Он проведет свою первую ночь без воды и еды, в звукоизолированном помещении с желтыми стенами. Хлоэ, конечно, заметит его исчезновение, но что она сможет сделать? Весь свет в клинике погаснет, кандидаты будут сидеть по комнатам, как крысы. Хлоэ в лучшем случае появится утром – если Моки признается, что запер его здесь. Признается? Вряд ли. Выглядит этот тип как большой безобидный медвежонок, но на самом деле он опасный соперник.
Илан взглянул на глазок камеры. Повернул голову к зеркалу. Наверное, Гадес стоит по ту сторону за пюпитром, наблюдает за ним, как за ярмарочным уродцем, и делает заметки.
– Да что вам нужно, в конце-то концов?! – прошептал он, уронил подбородок на грудь и закрыл глаза.
Правило № 1. Что бы ни произошло, что бы вам ни пришлось пережить, это не реальность. Это игра.
Плевать на принцип, у него скоро лопнет мочевой пузырь, через час или два придется писать под себя. Может, они этого и ждут? Хотят посмотреть, как «подопытный» обделается?
Правило № 2. Один из вас умрет.
Фраза все громче звучала в мозгу Илана. Умрет он. Банда извращенцев будет наблюдать, как он медленно подыхает, не зря же здание нашпиговали камерами. Возможно, некие богатенькие вуайеристы с замашками садистов выложили немало денег, чтобы насладиться жестокой смертью в прямом эфире. Или это новый вид реалити-шоу, трешевый экстрим?
Нужно признать очевидное: было безумием отправляться в это жуткое место в горах, никого не предупредив. Почему он не почувствовал опасность, как дал заманить себя в ловушку?
Правило № 3. Ваши друзья – ваши враги. Сумеете отличить одних от других?

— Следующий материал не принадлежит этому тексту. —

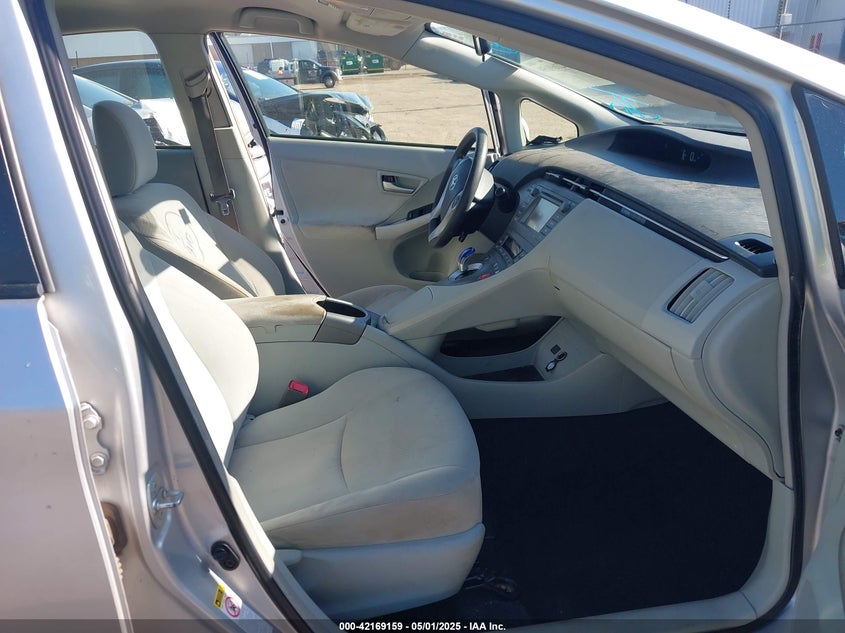 2013 TOYOTA PRIUS VIN: JTDKN3DUXD1684600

Чужак или чужаки… Что, если чужак – Моки? Может, именно он правая рука Гадеса, палач?
У Илана совсем не осталось сил. Сколько времени человек может выдержать в таком положении? Их изведут – всех, одного за другим, и тела никогда не найдут.
Илан открыл глаза. Комната вращалась, как во сне, дверь колыхалась, все плыло. Его организму не хватает сахара, калорий, сейчас случится приступ гипогликемии.
Через какое-то время Илан поднял голову, разлепил тяжелые веки, заметил, что дверная ручка поворачивается, и судорожно вцепился в подлокотники.
– Я здесь! – крикнул он. – Я – Илан Дедиссет, кандидат номер восемь, меня заперли! Откройте, умоляю!
Ответа не последовало. Илан начал что было сил раскачиваться взад и вперед, кожаное сиденье заскрипело. Он не сошел с ума, ему не померещилось: кто-то пытался войти, ему сейчас помогут.
Медленно тянутся минуты… глазные яблоки движутся под веками… он впадает в дремоту… просыпается с мерзким вкусом во рту.
Внезапно из ниоткуда возникает голос: он нигде и везде. Илан втягивает голову в плечи, ждет боли и судорог в затекшем теле.